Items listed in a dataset
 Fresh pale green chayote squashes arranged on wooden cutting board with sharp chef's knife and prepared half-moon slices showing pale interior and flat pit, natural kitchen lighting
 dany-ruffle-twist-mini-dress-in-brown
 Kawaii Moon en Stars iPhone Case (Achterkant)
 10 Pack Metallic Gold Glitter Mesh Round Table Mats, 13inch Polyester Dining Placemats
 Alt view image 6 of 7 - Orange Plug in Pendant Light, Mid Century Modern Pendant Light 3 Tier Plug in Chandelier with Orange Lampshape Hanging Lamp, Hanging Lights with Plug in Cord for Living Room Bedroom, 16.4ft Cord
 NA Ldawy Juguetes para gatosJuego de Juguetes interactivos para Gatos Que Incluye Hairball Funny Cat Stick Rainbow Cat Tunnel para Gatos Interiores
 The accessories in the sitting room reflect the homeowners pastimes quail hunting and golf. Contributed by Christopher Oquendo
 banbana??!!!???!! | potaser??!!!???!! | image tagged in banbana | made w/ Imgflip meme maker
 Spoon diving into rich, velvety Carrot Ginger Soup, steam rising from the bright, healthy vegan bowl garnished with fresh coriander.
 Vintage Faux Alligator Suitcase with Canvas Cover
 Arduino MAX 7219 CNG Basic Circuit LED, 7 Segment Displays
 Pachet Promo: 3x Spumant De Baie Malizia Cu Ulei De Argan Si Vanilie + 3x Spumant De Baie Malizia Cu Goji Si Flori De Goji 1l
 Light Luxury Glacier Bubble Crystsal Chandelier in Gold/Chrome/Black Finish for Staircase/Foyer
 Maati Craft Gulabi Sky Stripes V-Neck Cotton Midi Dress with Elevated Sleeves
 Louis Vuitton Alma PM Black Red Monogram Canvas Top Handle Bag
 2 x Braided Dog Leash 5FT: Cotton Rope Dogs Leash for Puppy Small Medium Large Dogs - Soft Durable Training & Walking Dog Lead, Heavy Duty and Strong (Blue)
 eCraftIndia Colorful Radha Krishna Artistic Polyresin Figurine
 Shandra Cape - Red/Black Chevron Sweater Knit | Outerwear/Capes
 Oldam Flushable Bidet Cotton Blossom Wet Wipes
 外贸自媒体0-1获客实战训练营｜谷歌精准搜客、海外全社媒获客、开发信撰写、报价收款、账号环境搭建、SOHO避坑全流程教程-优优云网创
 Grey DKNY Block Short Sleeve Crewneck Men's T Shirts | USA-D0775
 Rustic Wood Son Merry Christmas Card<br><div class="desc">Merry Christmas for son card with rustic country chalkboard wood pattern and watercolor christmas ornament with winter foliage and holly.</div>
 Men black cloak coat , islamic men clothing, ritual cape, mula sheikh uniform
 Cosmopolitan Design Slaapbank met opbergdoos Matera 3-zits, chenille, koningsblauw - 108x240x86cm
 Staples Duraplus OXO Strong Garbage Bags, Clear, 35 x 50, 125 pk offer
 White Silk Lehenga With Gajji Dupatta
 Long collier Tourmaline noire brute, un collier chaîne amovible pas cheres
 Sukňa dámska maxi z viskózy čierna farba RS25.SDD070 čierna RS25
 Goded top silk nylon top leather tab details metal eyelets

__TASK OBJECTIVE__
The response must hold only the lines above from the line with "Louis Vuitton Alma" through the line with "Oldam Flushable Bidet", each copied exactly, both ends kept.

__YOUR SOLUTION__
 Louis Vuitton Alma PM Black Red Monogram Canvas Top Handle Bag
 2 x Braided Dog Leash 5FT: Cotton Rope Dogs Leash for Puppy Small Medium Large Dogs - Soft Durable Training & Walking Dog Lead, Heavy Duty and Strong (Blue)
 eCraftIndia Colorful Radha Krishna Artistic Polyresin Figurine
 Shandra Cape - Red/Black Chevron Sweater Knit | Outerwear/Capes
 Oldam Flushable Bidet Cotton Blossom Wet Wipes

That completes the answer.